Exercise: With pictures left out, set down exactly the lines that begin at the one containing "Tarjetas de afirmación" and end with the last line of the entries below.

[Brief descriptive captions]
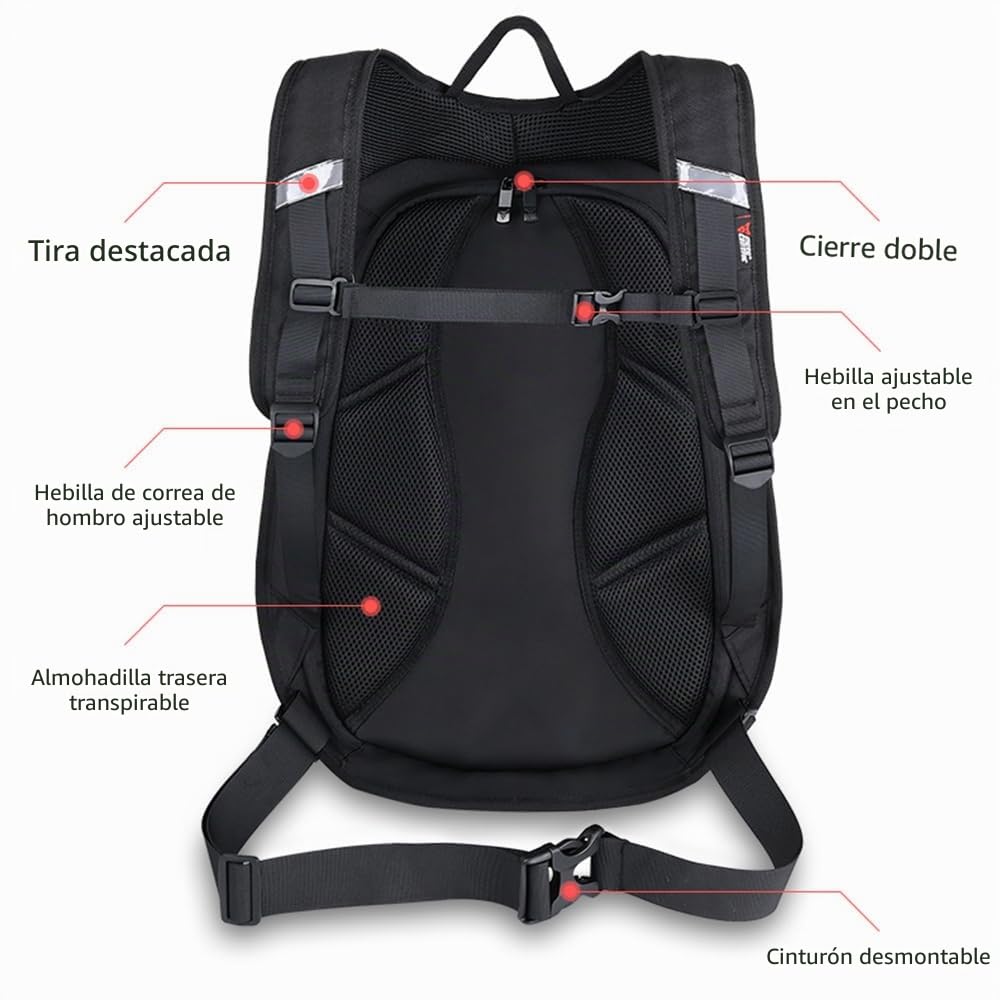 Mochila para motocicleta, impermeable, de fibra de carbono, con carcasa rígida, reflectante, maleta de viaje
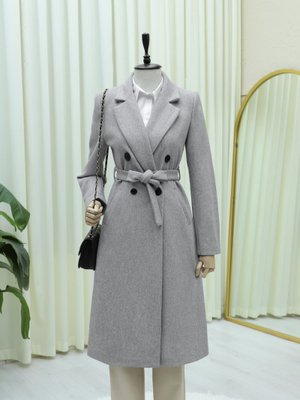 Gri Tek Düğmeli Cepli Kemerli Astarlı Kaşe Kaban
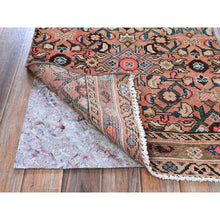 Load image into Gallery viewer, 2&#39;3&quot;x9&#39;2&quot; Salmon Pink, Vintage Persian Hamadan With All Over Fish Mahi Design, Distressed And Worn, Cropped Thin, Zero Pile, Sides And Ends Professionally Secured, Hand Knotted, 100% Wool, Fragment, Narrow Runner, Oriental Rug FWR5058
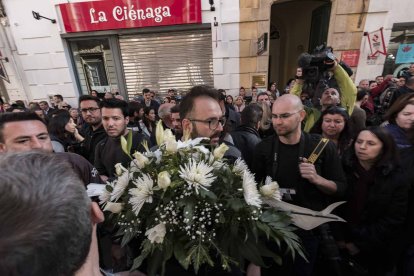 Capilla ardiente del pequeño Gabriel Cruz Ramírez instalada en la Diputación de Almería.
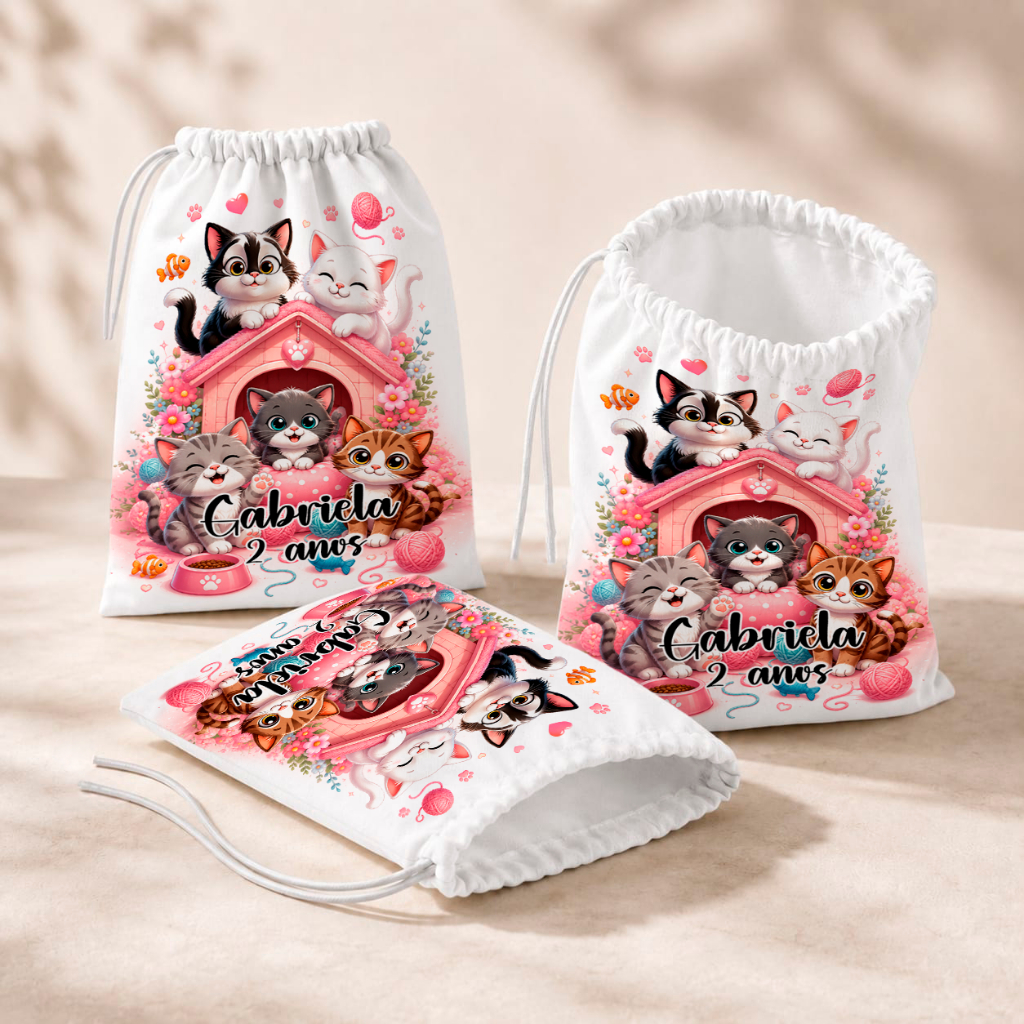 20 Sacolinhas Personalizada Festa Infantil 18x26 Aniversário Lembrancinha Gatinhos Gato Gatos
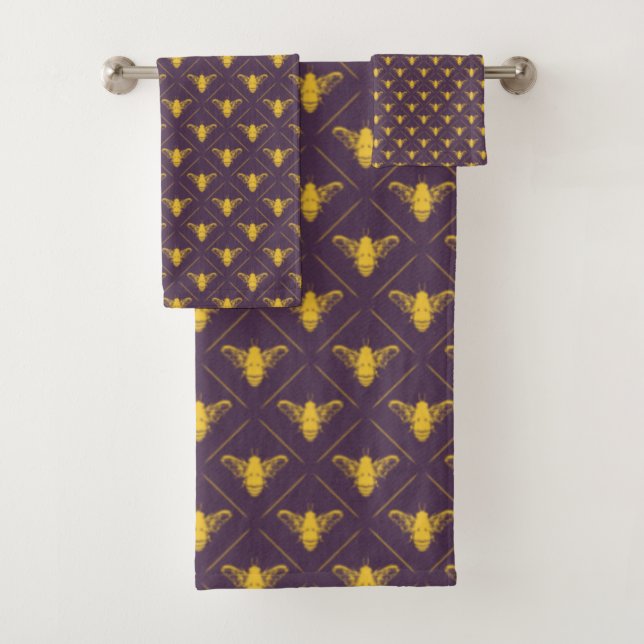 Royal Lila und Pure Gold Badhandtuch Set (Insitu)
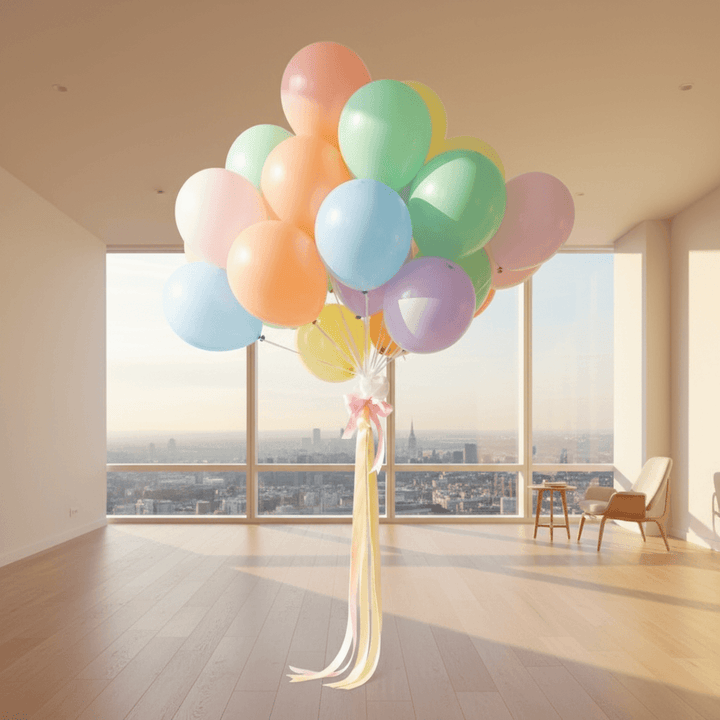 30 Pastel Helium Balloon Bouquet with Ribbon Tails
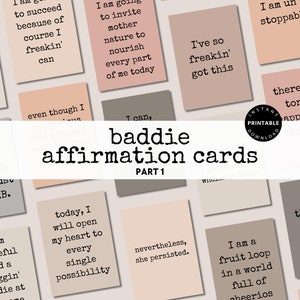 Tarjetas de afirmación de Baddie imprimibles, mazo de afirmación motivacional, tarjetas de aliento imprimibles, cuidado personal imprimible, afirmación diaria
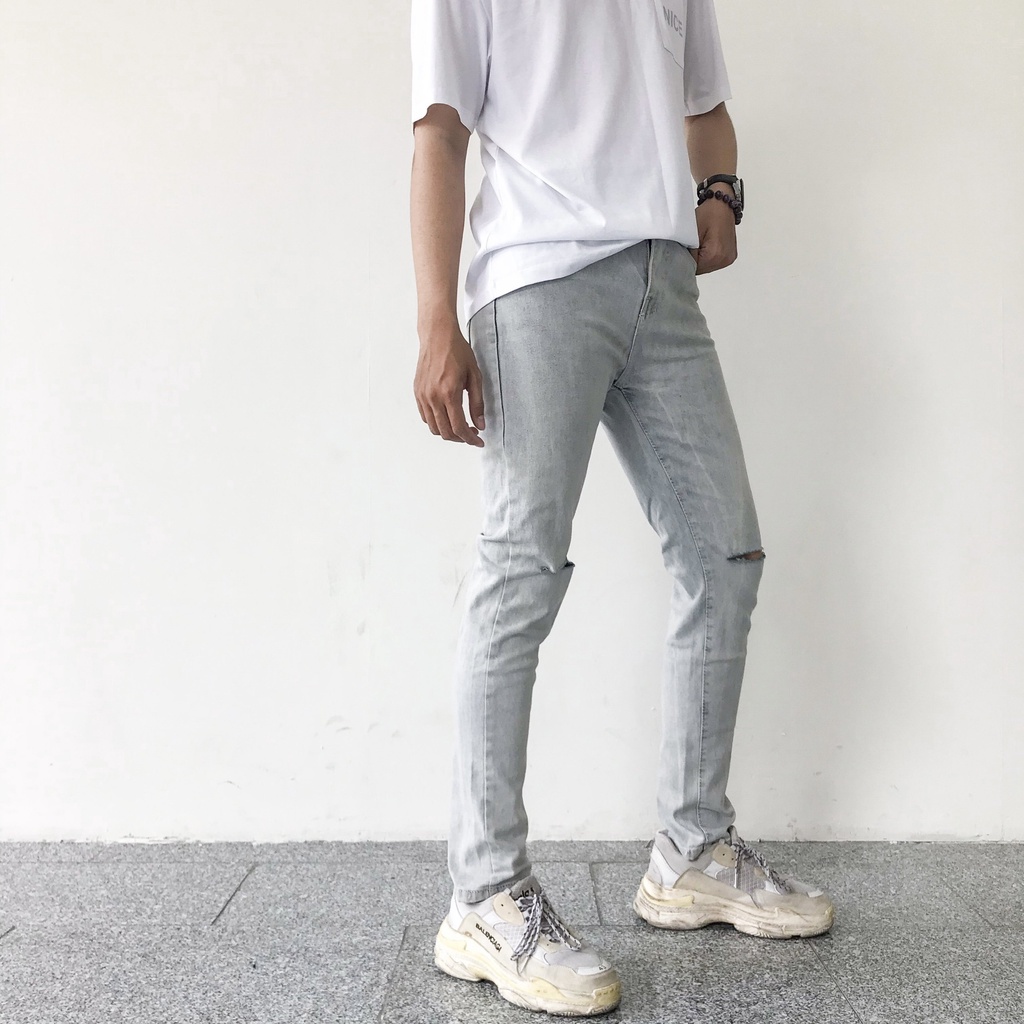 Quần jean nam màu xám nhạt - Form Slimfit - Chất jean co dãn [211] | BigBuy360 - bigbuy360.vn
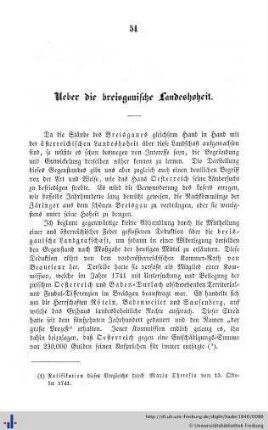 Über die breisgauische Landeshoheit.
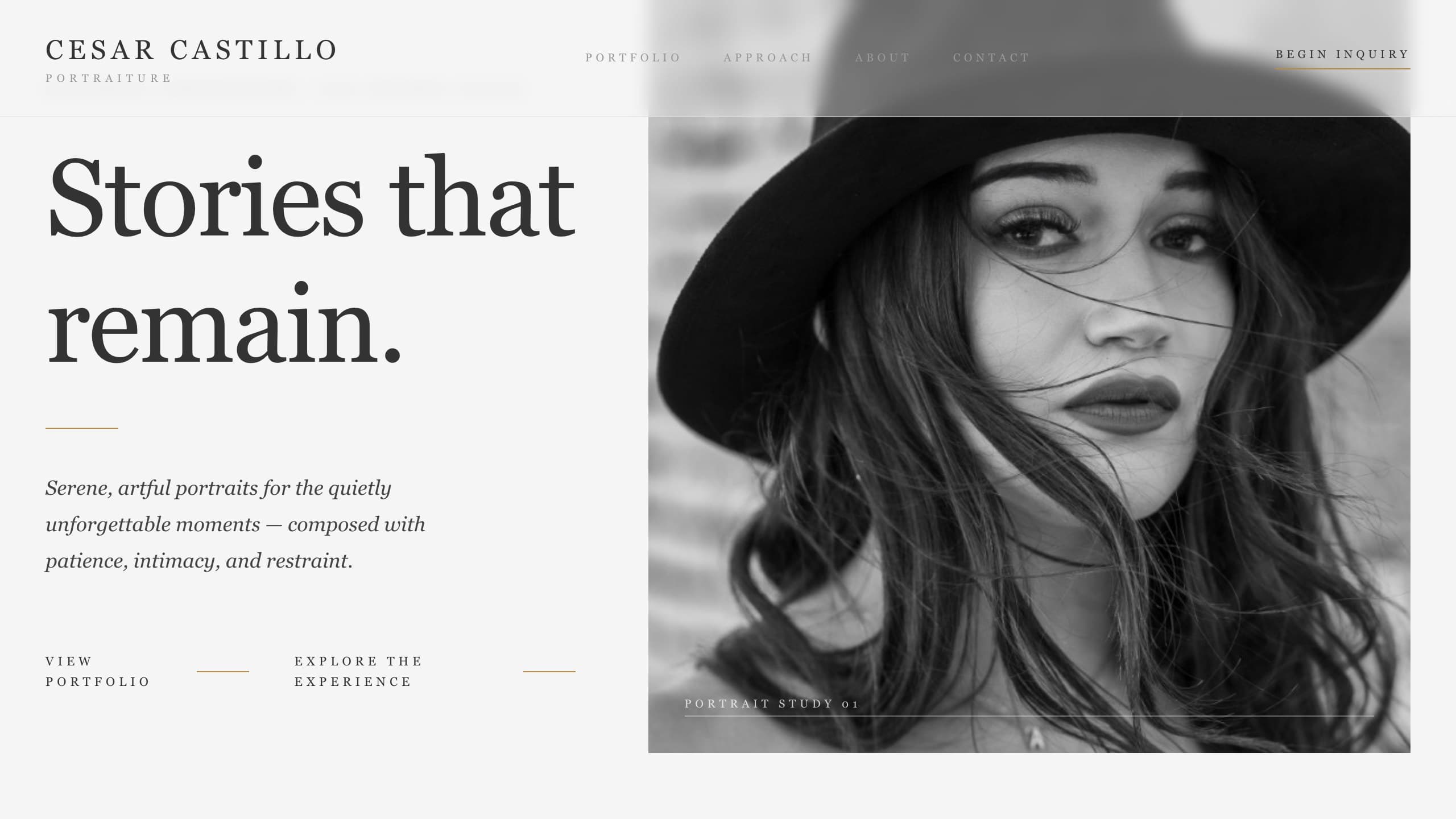 Homepage of Cesar Castillo Portraiture — editorial portrait photography site with serif headline and black-and-white portrait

Response:
 Tarjetas de afirmación de Baddie imprimibles, mazo de afirmación motivacional, tarjetas de aliento imprimibles, cuidado personal imprimible, afirmación diaria
 Quần jean nam màu xám nhạt - Form Slimfit - Chất jean co dãn [211] | BigBuy360 - bigbuy360.vn
 Über die breisgauische Landeshoheit.
 Homepage of Cesar Castillo Portraiture — editorial portrait photography site with serif headline and black-and-white portrait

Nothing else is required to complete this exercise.